人気のバラエティー番組にいったい何があったのか。すみやかに真相を明らかにして、社会に報告する責任がある。

きっかけは週刊文春の記事だ。芸人が世界の祭りを訪ねる番組中の企画について、5月に放映されたラオスの祭りは
存在せず、日テレ側の自作自演によるイベントだと報じた。

 当初日テレは「番組サイドで企画した事実はない」と反論していたが、タイの祭りでも同様の疑いがあると指摘されると、
一転して非を認めた。
企画は当面休止し、放送済みの111本の内容を可能な限り検証するという。
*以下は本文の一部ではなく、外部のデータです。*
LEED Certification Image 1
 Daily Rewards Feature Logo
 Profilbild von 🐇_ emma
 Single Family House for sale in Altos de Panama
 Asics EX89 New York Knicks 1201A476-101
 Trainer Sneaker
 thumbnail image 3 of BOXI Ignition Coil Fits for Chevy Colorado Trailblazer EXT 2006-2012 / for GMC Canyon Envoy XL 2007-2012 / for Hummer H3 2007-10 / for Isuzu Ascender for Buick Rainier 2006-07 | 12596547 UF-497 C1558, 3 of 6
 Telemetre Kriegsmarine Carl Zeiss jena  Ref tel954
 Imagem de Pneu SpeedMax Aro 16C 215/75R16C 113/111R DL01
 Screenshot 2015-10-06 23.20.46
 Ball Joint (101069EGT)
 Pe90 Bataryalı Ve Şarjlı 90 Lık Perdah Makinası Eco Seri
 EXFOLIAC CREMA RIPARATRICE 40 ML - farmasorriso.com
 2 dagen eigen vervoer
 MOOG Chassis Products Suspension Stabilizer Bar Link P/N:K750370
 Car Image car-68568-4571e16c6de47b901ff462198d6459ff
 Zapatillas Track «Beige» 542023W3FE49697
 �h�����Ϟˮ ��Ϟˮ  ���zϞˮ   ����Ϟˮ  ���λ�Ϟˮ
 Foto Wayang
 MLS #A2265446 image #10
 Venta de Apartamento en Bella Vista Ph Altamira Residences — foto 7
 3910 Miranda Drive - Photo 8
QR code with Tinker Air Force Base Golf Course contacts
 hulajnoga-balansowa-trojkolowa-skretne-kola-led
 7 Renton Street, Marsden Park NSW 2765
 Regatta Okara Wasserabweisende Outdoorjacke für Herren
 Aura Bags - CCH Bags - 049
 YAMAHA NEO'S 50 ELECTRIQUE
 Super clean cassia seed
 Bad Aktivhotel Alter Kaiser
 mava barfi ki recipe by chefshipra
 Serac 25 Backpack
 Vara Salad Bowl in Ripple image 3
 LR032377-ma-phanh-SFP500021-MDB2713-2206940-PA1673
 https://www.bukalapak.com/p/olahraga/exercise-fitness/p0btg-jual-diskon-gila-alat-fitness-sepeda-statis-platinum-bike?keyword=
当然の対応だ。

 高視聴率が生んだおごりか、あるいは数字を維持するために逸脱行為に及んだのか。

だが、「ない」ものを作り出して「ある」とする行為は、公共をになう放送番組として許されない。
まして「イッテQ!」は「“真実”との出会い」をうたい、ロケの失敗も隠さずにリアルさをアピールしてきた。
日テレ自身のコメントにあるように「猛省」が必要だ。

フェイクニュースが横行する時代。何より大切にすべきは、この「信頼」ではないか。